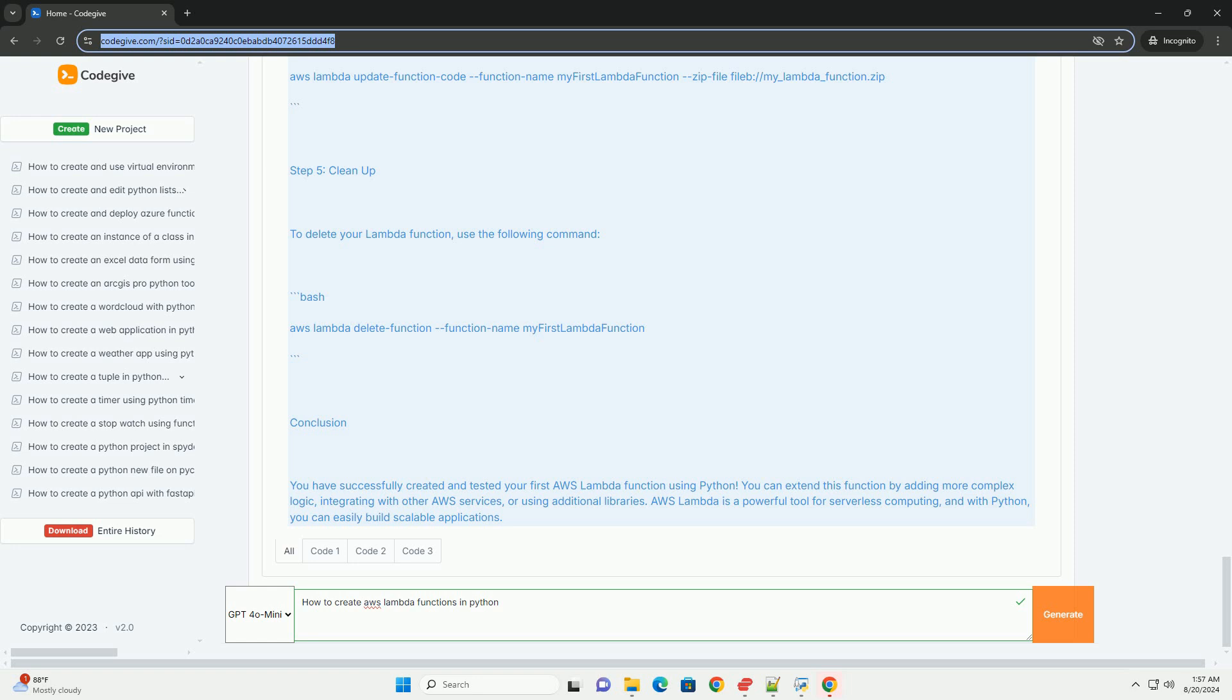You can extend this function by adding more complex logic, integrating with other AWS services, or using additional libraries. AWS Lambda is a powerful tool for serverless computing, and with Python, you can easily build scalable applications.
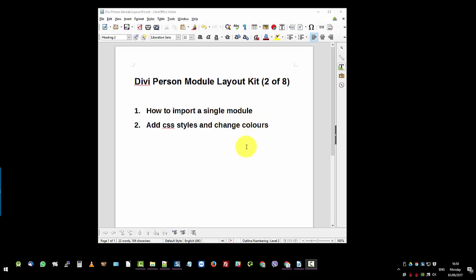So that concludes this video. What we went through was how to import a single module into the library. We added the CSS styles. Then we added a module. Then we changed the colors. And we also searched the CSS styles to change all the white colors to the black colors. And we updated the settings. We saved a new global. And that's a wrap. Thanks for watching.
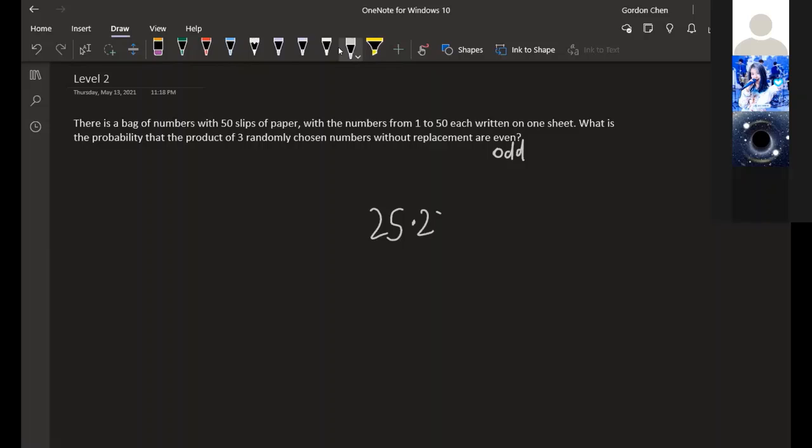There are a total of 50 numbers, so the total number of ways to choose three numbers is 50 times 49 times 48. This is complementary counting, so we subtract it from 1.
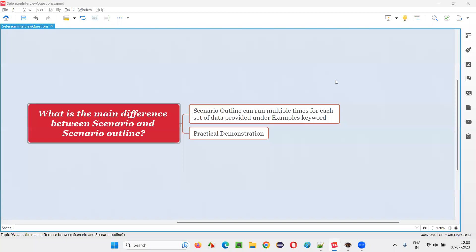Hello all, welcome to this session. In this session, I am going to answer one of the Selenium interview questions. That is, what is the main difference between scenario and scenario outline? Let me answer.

• • • • •

■ TASK DIRECTIONS: Print all the lines above again exactly, without any pictures.

■ REPLY TO THE TASK:
You can extend this function by adding more complex logic, integrating with other AWS services, or using additional libraries. AWS Lambda is a powerful tool for serverless computing, and with Python, you can easily build scalable applications.
So that concludes this video. What we went through was how to import a single module into the library. We added the CSS styles. Then we added a module. Then we changed the colors. And we also searched the CSS styles to change all the white colors to the black colors. And we updated the settings. We saved a new global. And that's a wrap. Thanks for watching.
There are a total of 50 numbers, so the total number of ways to choose three numbers is 50 times 49 times 48. This is complementary counting, so we subtract it from 1.
Hello all, welcome to this session. In this session, I am going to answer one of the Selenium interview questions. That is, what is the main difference between scenario and scenario outline? Let me answer.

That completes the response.